3) WON the individual petitioners herein are liable
MAJORITY: NO. Other than her unfounded assertions on the matter, there is no evidence to support the fact that the individual petitioners herein,
in their capacity as Abbott’s officers and employees, acted in bad faith or were motivated by ill will in terminating Alcaraz’s services. The fact that
Alcaraz was made to resign and not allowed to enter the workplace does not necessarily indicate bad faith on Abbott’s part since a sufficient ground
existed for the latter to actually proceed with her termination. On the alleged loss of her personal belongings, records are bereft of any showing that
the same could be attributed to Abbott or any of its officers.
DISSENT (Brion, J.): YES. The NLRC exhaustively discussed Abbott’s bad faith, as demonstrated by the actions of the individual petitioners:
First, Alcaraz was pressured to resign:

(1) she was threatened with termination, which will surely damage her reputation in the pharmaceutical industry;

(2) she was asked to evacuate her Commission and ordered not to enter the Company’s premises even if she was still an Abbott employee; and

(3) Terrible and Walsh made a public announcement to the staff that Alcaraz already resigned even if in reality she did not.

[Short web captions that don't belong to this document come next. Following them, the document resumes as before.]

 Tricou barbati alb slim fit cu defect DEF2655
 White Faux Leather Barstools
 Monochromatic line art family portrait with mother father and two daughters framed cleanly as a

The CA also described in detail the abrupt and oppressive manner in which Alcaraz’s employment was dismissed by Abbott:

On May 23, 2005, Alcaraz still reported for work since Abbott had not yet handed the termination notice to her. However, the security guard did
not allow her to enter the Hospira ALSU office pursuant to Walsh[’s] instruction. She requested Walsh that she be allowed to enter the
company premises to retrieve her last remaining things in her office which are mostly her personal belongings. She was allowed to enter.
However, she was surprised to see her drawers already unlocked and, when she opened the same, she discovered that her small brown
envelope x x x, white pouch containing the duplicate keys, and the staff’s final evaluation sheets were missing.Alcaraz informed Bernardo
about the incident. The latter responded by saying she was no longer an employee of the company since May 19, 2005.
Alcaraz reported the matter to the Pasig Police Station and asked for help regarding the theft of her properties. The Pasig Police incident
report stated as follows:
x x x x When confronted by the suspect, in the presence of one SOCO officer and staff, named Christian Perez, Kelly Walsh allegedly admitted that
she was the one who opened the drawer and got the green folders containing the staff evaluations. The Reportee was told by Kelly Walsh that her
Rolex wristwatch will be returned to her provided that she will immediately vacate her office.

On the same date, Alcaraz’s termination letter dated May 19, 2005 was handed to her by Walsh, Almazar and Bernardo.

RESULT: CA reversed. In favor of Abbott.